AN 80-home development in Ettington will have no significant impact on the amount of the number of cars on the village’s roads, it has been claimed.
Warwickshire County Council’s highways department has angered residents with its declaration a predicted 117 extra car movements at the junction of Rogers Lane and Banbury Road during morning and evening rush hours was low and not grounds for it to object to the plans for land next to the park and community centre.
The report into the traffic impact on Charles Church’s controversial plans also brushes off concerns about existing problems caused by parking outside the village shop being exacerbated and dismisses ongoing fears about safety at the junction at the Fosse Way where there are regular smashes.
The report does however admit even improvements to the local bus service will not provide what it describes as a realistic alternative to the car. Residents continue to argue the village has no jobs and a poor bus service, making it an unsustainable location for the develop that will increase the number of households in Ettington by a fifth.

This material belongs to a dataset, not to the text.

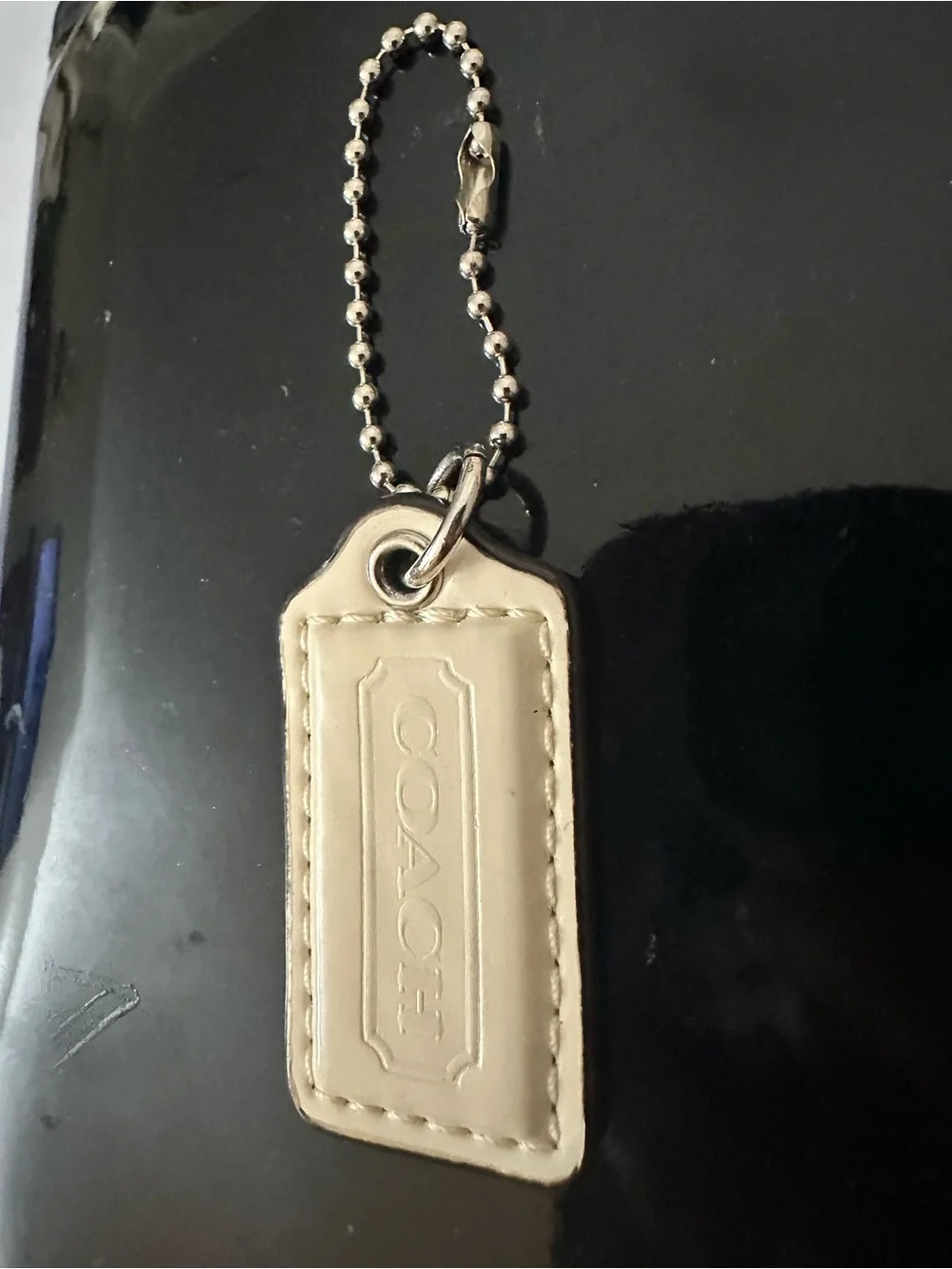 COACH Leather Hangtag | Bag Charm in Cream with Embossed Logo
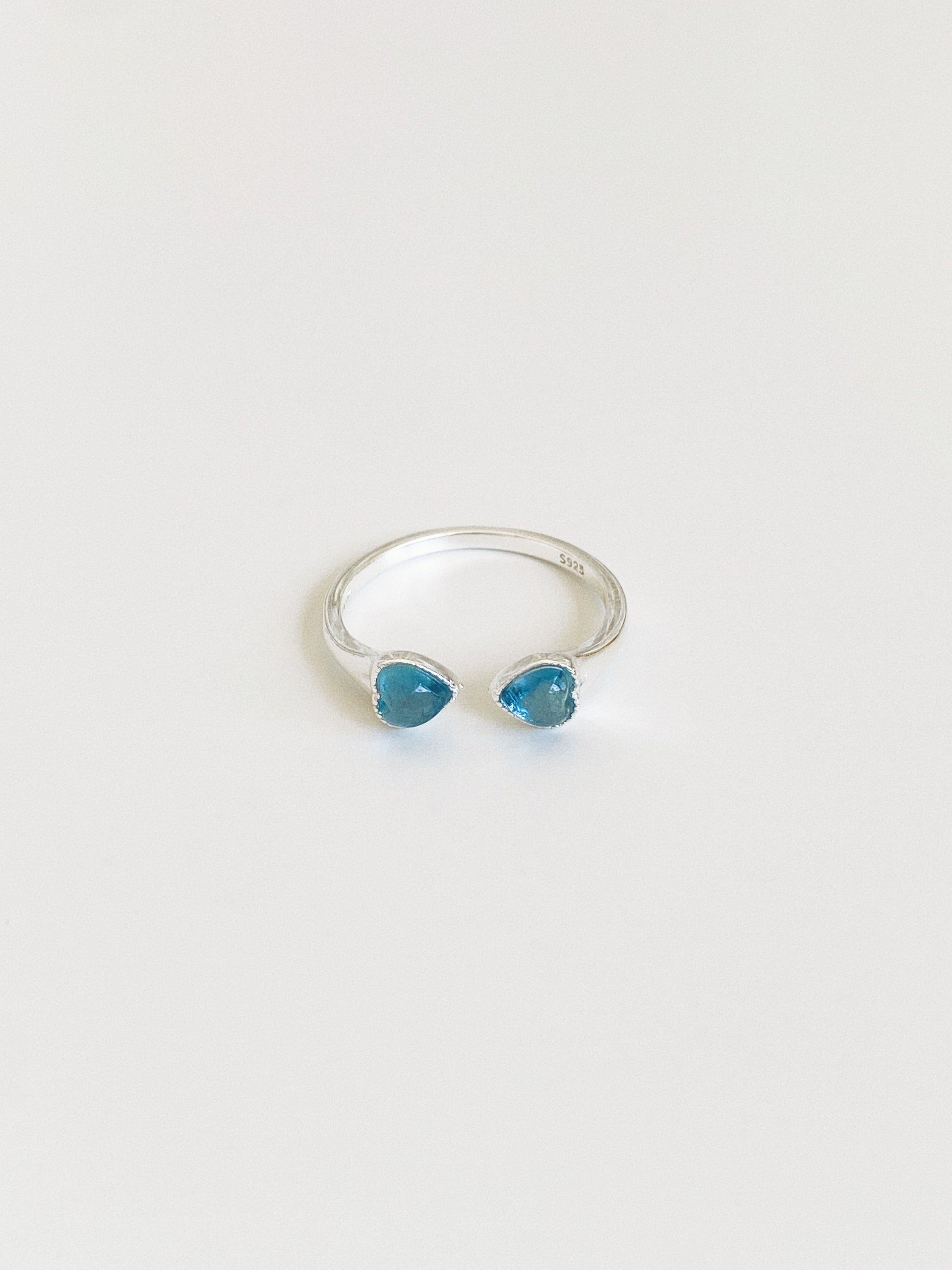 Adjustable open sterling silver ring with two natural aquamarine heart stones facing each other, S925 hallmark visible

The core strategy, which sets out where the district council prefers homes to be built, identifies no specific locations in Ettington although it does earmark it for just 26 to 50 homes between now and 2031, seemingly ruling out the development on the table, but it has yet to adopted.
However a similar application in Tysoe, also for 80 homes, was rejected by the planning committee against the recommendation of council planning officers because of the village’s poor public transport while the number of houses proposed was described as excessive and inappropriate.
A statement from SHAPE accused the highways officers of ignoring real concerns from the people of Ettington.
It read: “A report that claims the exit from Rogers Lane onto the A422 is safe and adequate because traffic follows the speed limit cannot be taken seriously.
“It is fantasy that the new development will only generate 42 extra cars leaving the new estate in the morning peak rush hour. This for a development of over 80 family houses, all designed to accommodate at least two cars each, likely to be occupied by families where both partners work and children may need to be driven to school.
“Our own expert advice suggests such estates generate at least four journeys per house per day, a much higher figure than the council’s. If all their predictions are as poor as this we can have little faith in the council’s conclusions.”
Charles Church’s proposals are for two, three, four and five bedroom homes with an as yet unspecified number to be made available for rent and shared ownership through housing associations. A recent parish council study found a need for just nine more homes.
The company has a development in neighbouring Wellesbourne, ironically named Ettington Park, where the price of a three bedroom home starts at £250,000.
Among the hundreds if objectors is the village’s county councillor Izzi Seccombe who is the political leader of the county council.